[Opening Records for the exercise section]
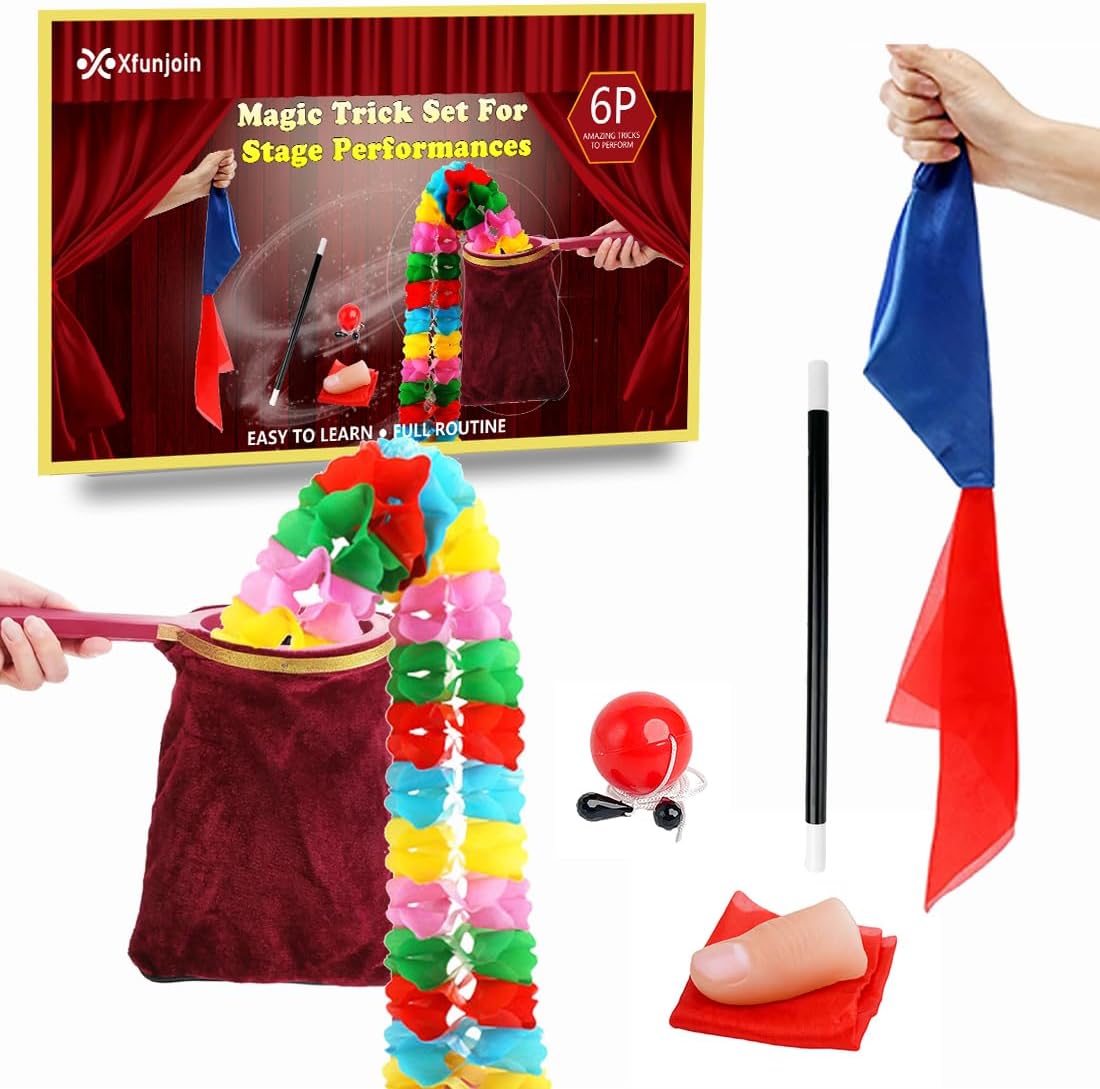 BAG: Magic, w/ Pull Flower, Color change & Vanishing Silk, Rising Wand, Magic Ball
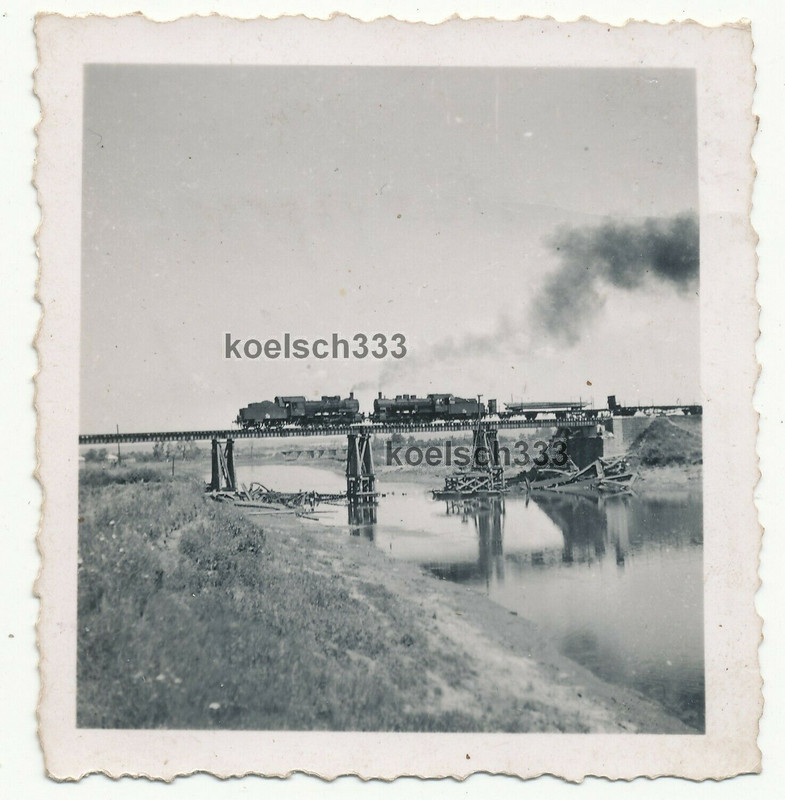 6 Fotos Slawjansk Russland Pioniere Brücke Dampflok Belastungsprobe Feldtelefon1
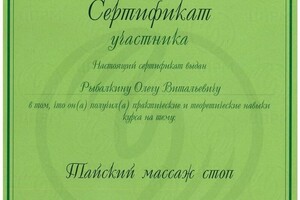 Диплом / сертификат №17 — Рыбалкин Олег Витальевич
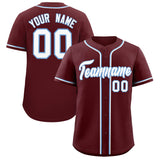 Custom Burgundy Classic Style Authentic Baseball Jersey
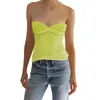 Tanques femininos Mulheres Strapless Bandeau Tube Crop Top Casual Slim Fit Sem Mangas Y2K Cropped Tops Bustier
[Closing Records for the exercise section]
### Work to be completed
Please retype the whole listing above exactly, without any of its images.

### Response for this exercise
 BAG: Magic, w/ Pull Flower, Color change & Vanishing Silk, Rising Wand, Magic Ball
 6 Fotos Slawjansk Russland Pioniere Brücke Dampflok Belastungsprobe Feldtelefon1
 Диплом / сертификат №17 — Рыбалкин Олег Витальевич
 Custom Burgundy Classic Style Authentic Baseball Jersey
 Tanques femininos Mulheres Strapless Bandeau Tube Crop Top Casual Slim Fit Sem Mangas Y2K Cropped Tops Bustier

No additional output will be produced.